Not that long ago, classrooms were a bastion of tradition in both method and medium but the rapid evolution of digital technology has undoubtedly modernised the way education is delivered to young people. The pace of development is showing no signs of slowing down, so perhaps, ahead of Bett 2018, the world’s largest education technology show held in London next week, the biggest question is what is next on the agenda for classroom technology?
The prediction that the education technology (Edtech) sector is set to reach £129 billion by 2020, as stated in a joint report by London & Partners and EdtechUK, is testament to the widespread adoption across the nation’s schools, HE & FE colleges and universities. There are a multitude of positive examples of how technology in classrooms has benefited both students and teachers. Rather than focusing on the individual products, many of which have become a staple part of the classroom set up, perhaps we should explore how that technology has been used to enhance the overall learning experience and help prepare students to thrive in the working world.
One well documented benefit is the way technology improves engagement and knowledge retention. Integrated into lessons, technology provides different opportunities to make learning more fun and enjoyable. It can bring topics to life and encourage more active participation in the learning process which can be harder to achieve through a traditional classroom environment.
Technology has also helped to create more opportunities for collaboration. An important part of modern learning is about developing the necessary ‘soft skills’ that can be transferred into the workplace. In the last few months, the government has announced a host of new initiatives focusing on higher education and bridging the skills gap. The classroom plays a pivotal role in cultivating the right skills for our future workforce and technology will foster better collaboration, complex problem solving and critical thinking for students.
With so many opportunities and possibilities, 2018 promises to be an exciting year for edtech. Interactivity will form the basis of many technological developments and there is already much hype surrounding areas such as virtual and augmented reality and how it can be used effectively in the classroom. The devices are still evolving, yet there are an abundance of apps and 360 degree videos geared for use in education. Emerging applications such as ‘Google Expeditions’ which allows teachers and students to go on virtual field trips has gained lots of attention in the US and some of the more established headsets such as Oculus Rift are being used in everything from virtual campus tours to special needs education. Specific virtual reality tools are also facilitating learning in specialist subjects, such as architecture and design, with 3D modelling software being trialed in many colleges and classrooms.

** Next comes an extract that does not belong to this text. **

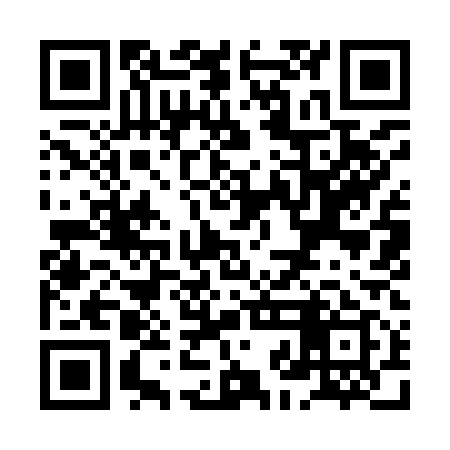 QR code for XJI919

There is huge scope for Virtual Reality (VR) in education and it’s not hard to understand why. Seeing, hearing and experiencing a topic rather than simply having it explained from front of class would surely appeal to the majority of students. What’s key for its success is to remove the barriers to adoption. Cost is clearly a significant issue in education and the technology itself needs to be fine-tuned to make set up and general use suitably school-friendly.
During this year’s action-packed events calendar, we are bound to witness some amazing technological firsts for edtech. It is hard to imagine a modern classroom that doesn’t incorporate several elements of technology. ‘Old school’ could literally become a thing of the past, as educators open their classroom doors to the latest engaging and immersive technology for more-rounded, better-skilled students.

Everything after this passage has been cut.